My mom and I moved from the suburbs to Manhattan when I was nine. When I wasn’t in school I was pretty much on my own most of the time. I longed for the days when she would pack in my lunchbox a peanut butter and jelly sandwich, a bag of Fritos, individual slides of American cheese and a can of apple juice. My first memory of a sit-down home cooked meal made by her was was a chicken dish that had a slimy gross texture (maybe it was boiled or still raw? I don’t know if it wasn’t cooked properly or I was just picky.) I also remember trying to eat a steak from the beef she got from her parents’ farm in Indiana. I gagged on the gristle, it felt like gnawing on a hot piece of rubber. She told me to clean my plate when she saw I was spitting my food into my napkin. I tried shoving it down my throat to see if I could get away with not having to taste it, but I started choking and ran to the bathroom coughing up food. My mother was angry and insulted by her eight-year old. “Your know what? If you don’t like my cooking, you can just make yourself PB and J sandwiches for every meal and I won’t for you cook anymore”, she said folding her arms. I didn’t realize at the time this was supposed to be punishment for being an insubordinate, ungrateful child and I was so relieved. Oh my God, yes! Thank you mom!
Dinner was typically just me eating cereal out of the box but I didn’t feel deprived- I remember the joy of tearing into the box, sticking my hand all the way down to fish out prizes at the bottom. An after-school snack might consist of a bowl of Duncan Hines brownie batter.
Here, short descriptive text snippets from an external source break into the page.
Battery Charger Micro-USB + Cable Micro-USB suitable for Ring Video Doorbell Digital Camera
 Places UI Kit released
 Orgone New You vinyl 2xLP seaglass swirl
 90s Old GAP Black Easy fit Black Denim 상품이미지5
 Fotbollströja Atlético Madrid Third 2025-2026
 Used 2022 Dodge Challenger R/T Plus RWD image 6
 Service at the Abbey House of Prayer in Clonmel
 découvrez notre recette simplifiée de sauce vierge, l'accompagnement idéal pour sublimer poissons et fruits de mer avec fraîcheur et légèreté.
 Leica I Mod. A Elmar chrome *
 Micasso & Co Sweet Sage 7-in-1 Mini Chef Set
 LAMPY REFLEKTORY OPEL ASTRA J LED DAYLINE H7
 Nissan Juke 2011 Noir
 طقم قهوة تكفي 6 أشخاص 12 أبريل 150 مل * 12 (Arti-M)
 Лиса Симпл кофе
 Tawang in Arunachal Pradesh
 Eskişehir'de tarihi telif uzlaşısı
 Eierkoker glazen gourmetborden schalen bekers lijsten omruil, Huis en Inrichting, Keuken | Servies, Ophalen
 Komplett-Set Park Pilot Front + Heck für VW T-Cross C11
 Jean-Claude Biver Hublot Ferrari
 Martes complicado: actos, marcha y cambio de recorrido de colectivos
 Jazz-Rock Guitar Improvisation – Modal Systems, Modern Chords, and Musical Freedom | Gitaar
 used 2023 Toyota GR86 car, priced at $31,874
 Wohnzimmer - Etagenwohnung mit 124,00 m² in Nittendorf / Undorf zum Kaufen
I really wanted the brownies like the photo on the box but I had no patience to preheat the oven and cook for the full recommended time it said on the box. All you needed to add was water so I would mix it up in the pan, turn the oven to 375 and stick it into the cold oven as I impatiently waited for the fifteen minute alarm to go off (I didn’t know what preheat the oven meant and besides, I was hungry now.) I took out the pan of warm brownie batter, got a spoon and headed into my room to watch Magilla Gorilla, The Banana Splits, Gillian’s Island and The Brady Bunch on the portable little black-and-white television set. I would also do sketching in my drawing pad between spoonfuls of batter and leave chocolate marks all over my desk, all while my mother was still at work for another few hours. My favorite sugar friends and TV family lived inside a little box and they were always there for me. It was my after-school ritual to come home to the box after dealing with another day existing in fourth grade: The scary bullies on the bus. Feeling so ashamed when I couldn't solve a math problem in front of the class and everyone laughed. Hiding out in the bathroom stall during gym class when it was dodge ball day.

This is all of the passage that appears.